Zilliqa / zq2

Zilliqa 2.0 code base
Apache License 2.0
9 stars 0 forks source link

A restarted node does not set their high_qc to that of other node's NewView messages #1798

Open 86667 opened 5 days ago

86667 commented 5 days ago

TLDR: We need to re-request missed proposals after startup (I believe)

The issue arises when a node goes down before receiving a proposal, whilst the other nodes do receive it. We then end up in a situation where the node that went down is 1 view behind the other nodes, yet all have the same exponential backoff period since their high_qc values are different. This results in syncing never happening.

Example logs:

Node that went down with high_qc view 2 has a exp. backoff timeout of 40_000 for view 6.

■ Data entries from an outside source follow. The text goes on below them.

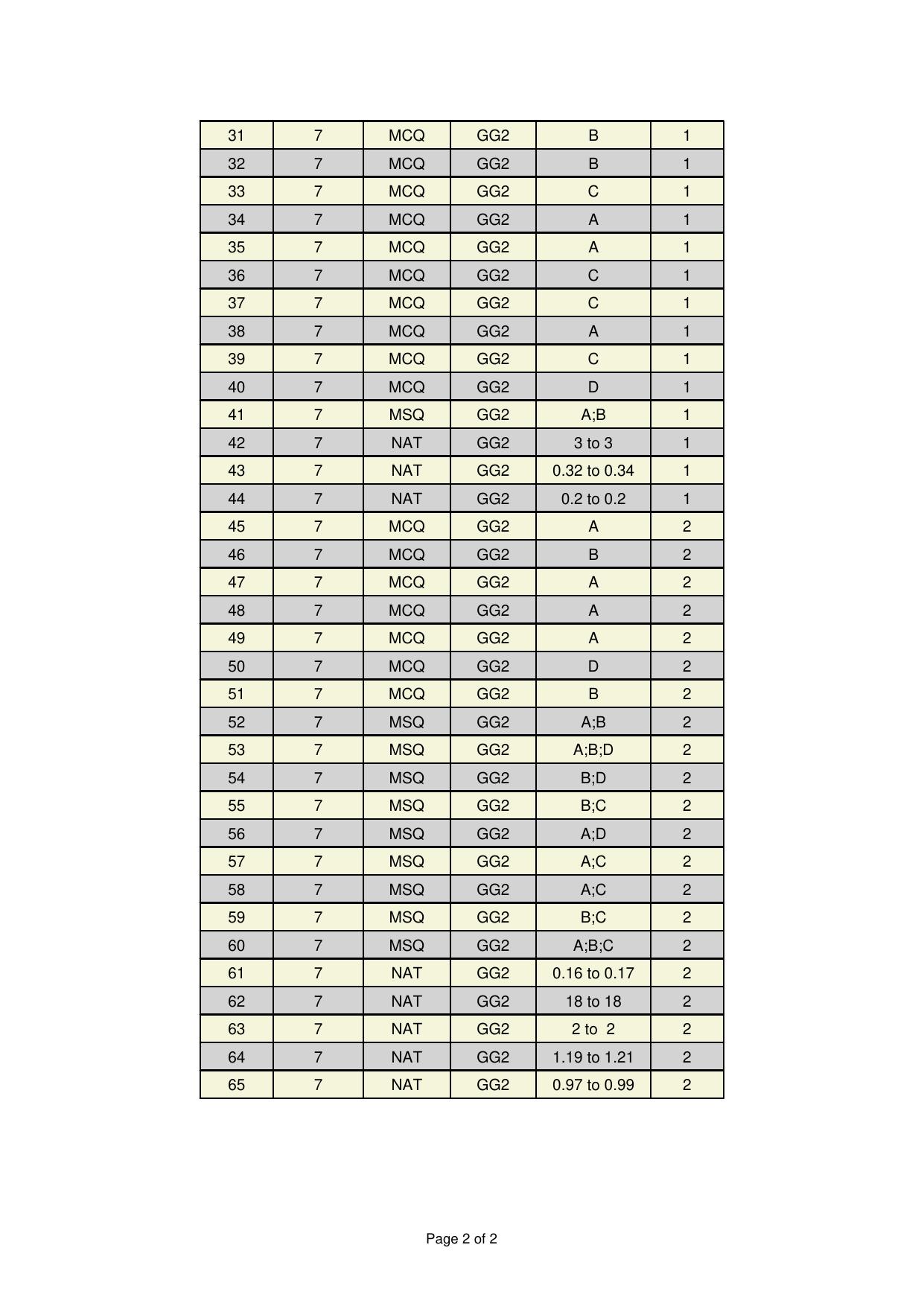 GATE 2025 Geology and Geophysics - Geophysics (GG-2) Answer Key - Page 2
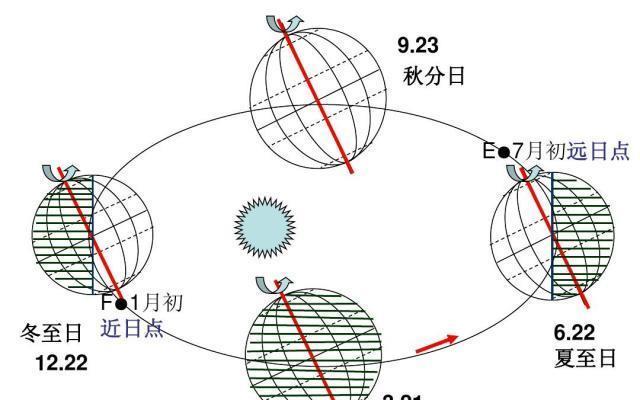 季节|地球|半球_新浪新闻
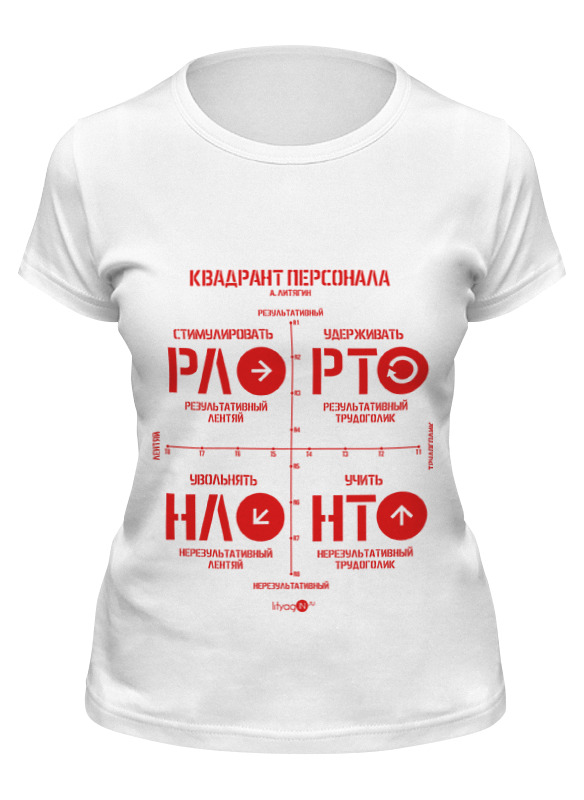 Футболка женская Printio квадрант персонала ( а. литягин) белая XL, Белый, квадрант персонала ( а. литягин)
Футболка женская Printio квадрант персонала ( а. литягин) белая XL, Белый, квадрант персонала ( а. литягин)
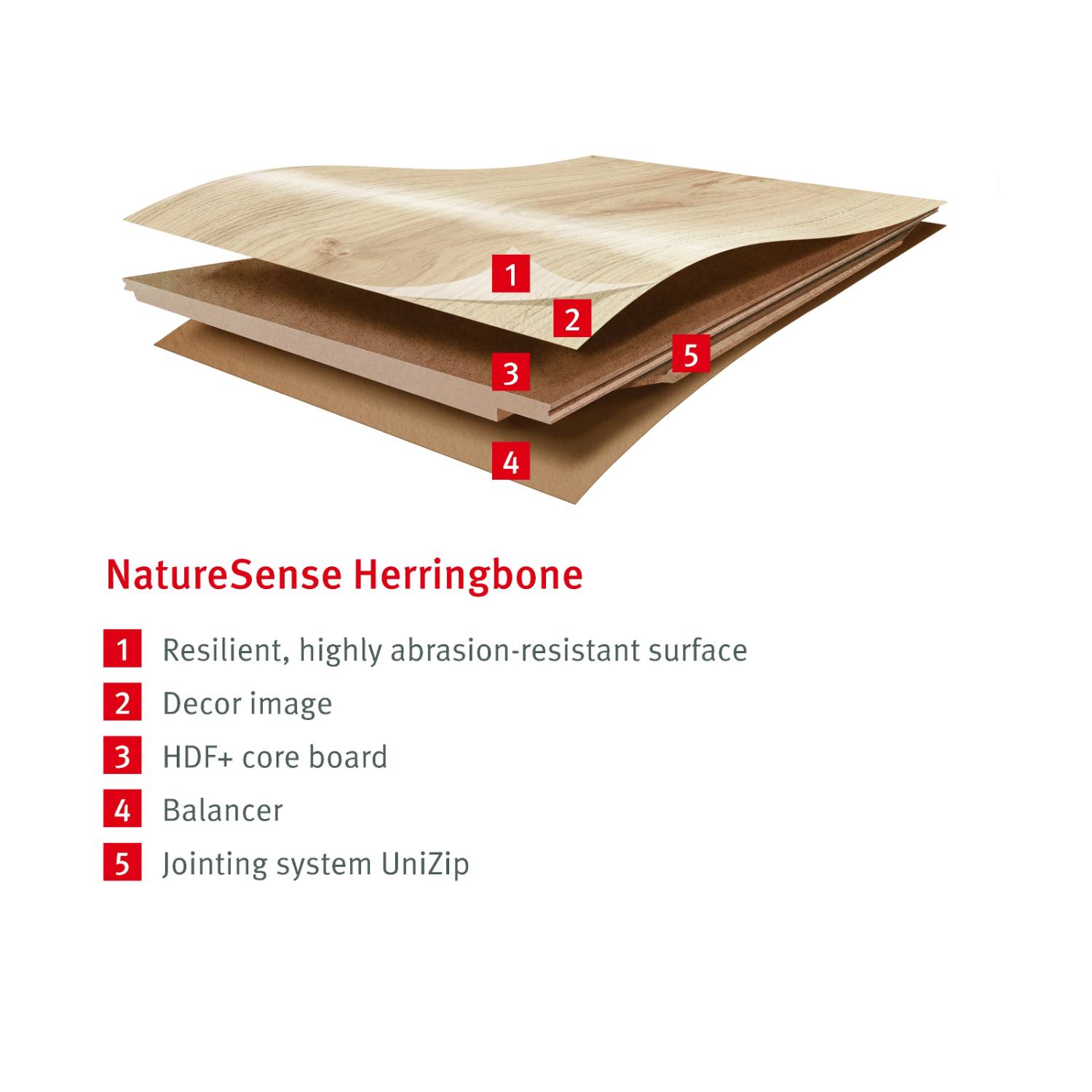 EGGER NatureSense/NatureSense Herringbone Flooring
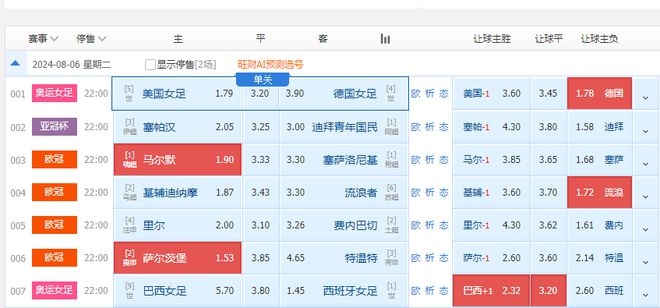 2024年今晚澳门开奖结果,最佳精选解释落实_扩展版6.986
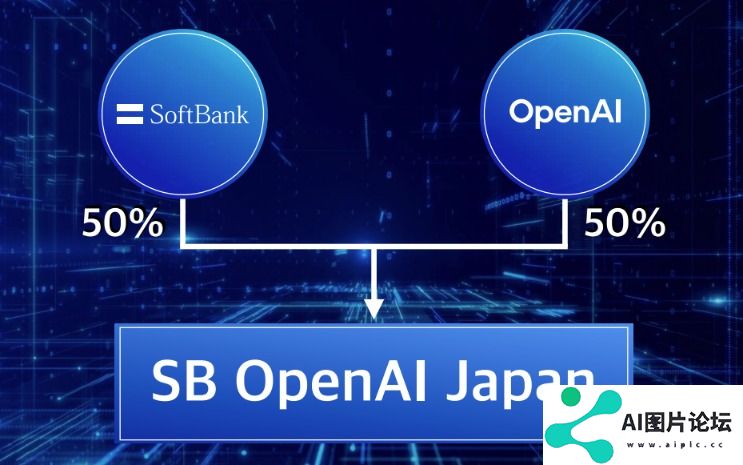 软银联手OpenAI成立合资公司 打造日本的人工智能帝国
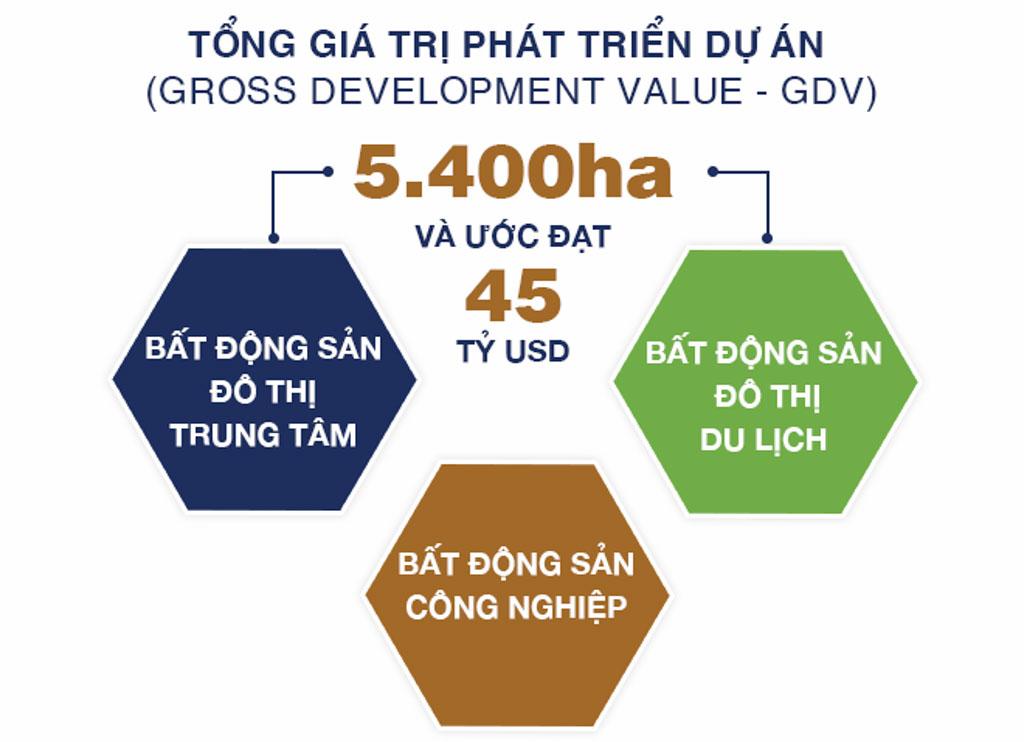 Các dòng sản phẩm sẽ được tập đoàn Novaland phát triển trong thời gian tới.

2024-11-12T12:11:31.636766Z TRACE zilliqa::consensus: 507: Not proceeding with view change. Current view: 6 - time since last: 4575, timeout requires: 40000

Other nodes with high_qc view 3 have an exp. backoff timeout of 40_000 for view 7

2024-11-12T12:11:32.122232Z TRACE zilliqa::consensus: 507: Not proceeding with view change. Current view: 7 - time since last: 21155, timeout requires: 40000

Other nodes will always move on to the next view before the node that went down can catch up.

What should happen is that once our restarted node becomes leader it receives the NewView messages for a view higher than its own and updates its view at that point. However, it fails to propcess the NewView messages at this point because of:

parent not found while determining leader for view